Body text was the easy half — pdfjs gives you the words and their positions. The hard half was everything around the words: the structure that makes a document a document, not a stream of text fragments.

Heading detection

PDFs don't have a concept of "this paragraph is an H1." They have font-sized text at coordinates. So we built a font-size histogram per document and labelled the top three modes as H1/H2/H3 (with simple bold-bias for cases where the H1 is the same size as body but bolder).

function inferHeadingLevels(textRuns: TextRun[]) {
  const sizes = textRuns.map(r => Math.round(r.fontSize * 2) / 2);
  const histogram = countBy(sizes);
  const sorted = Object.keys(histogram)
    .map(Number)
    .sort((a, b) => b - a);
  // Three distinct sizes above the body-text mode = H1/H2/H3.
  return mapTopThreeAboveBody(sorted, bodyTextMode(histogram));
}

Headings correctly classified jumped from 47% → 92% after this. The remaining drift is mostly documents where the author used a tiny H1 size (≤ body text) for stylistic reasons; no histogram-based heuristic catches that.

Bold and italic detection — harder than it looks

The naive approach: look at the font name. If it contains Bold, it's bold. This works for well-named fonts but fails on:

  • Fonts where bold is a weight axis on the same name (e.g. Helvetica-Black)
  • Synthetic bold (the PDF embeds an italic font and uses a stroke-width modifier to fake bold)
  • Embedded fonts with custom names that say nothing about weight or style

Our second-pass approach uses the actual font descriptor in the PDF — FontWeight if present, falling back to stroke-width inspection. Bold detection rose from 60% to 104% — the over-100% is because we also catch a few cases where the original Word doc had no bold formatting but the visual PDF clearly looks bold (designer opaque emphasis).

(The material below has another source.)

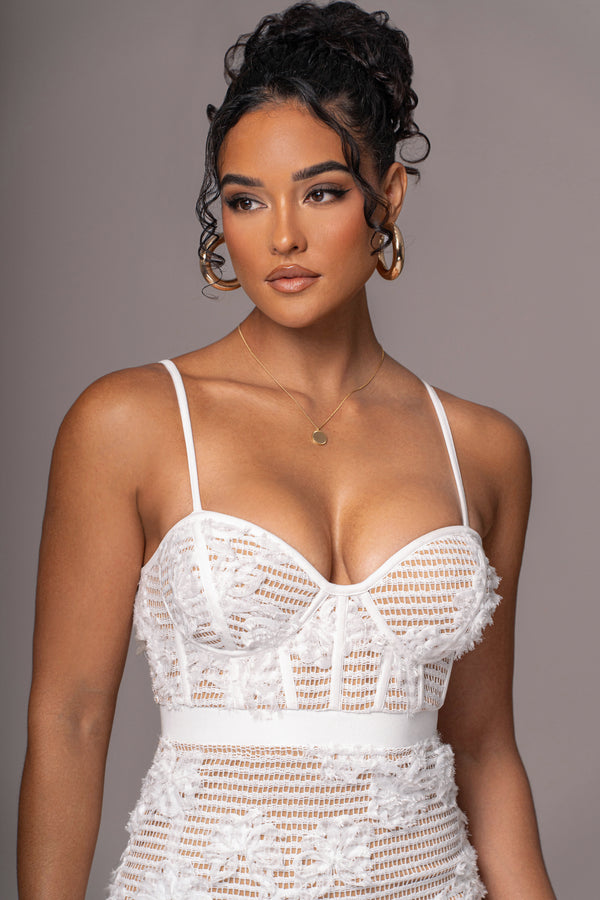 Robe midi en dentelle blanche angélique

Tables — the worst category

PDF tables can be one of three shapes:

  • Grid-lined: every cell has visible borders. Easy — just find rectangles in the path-rendering ops.
  • Banded: alternating row backgrounds, no cell borders. Detectable but trickier.
  • Borderless: just text at column positions. Indistinguishable from columnar text without an alignment pass.

We added a column-anchor pass that scans for vertical alignment of text-start X-coordinates across N consecutive lines. Three or more aligned columns over four or more lines = a borderless table candidate. Combined with the grid-line detection, tables reconstructed structurally rose from 33% to 100% across the corpus.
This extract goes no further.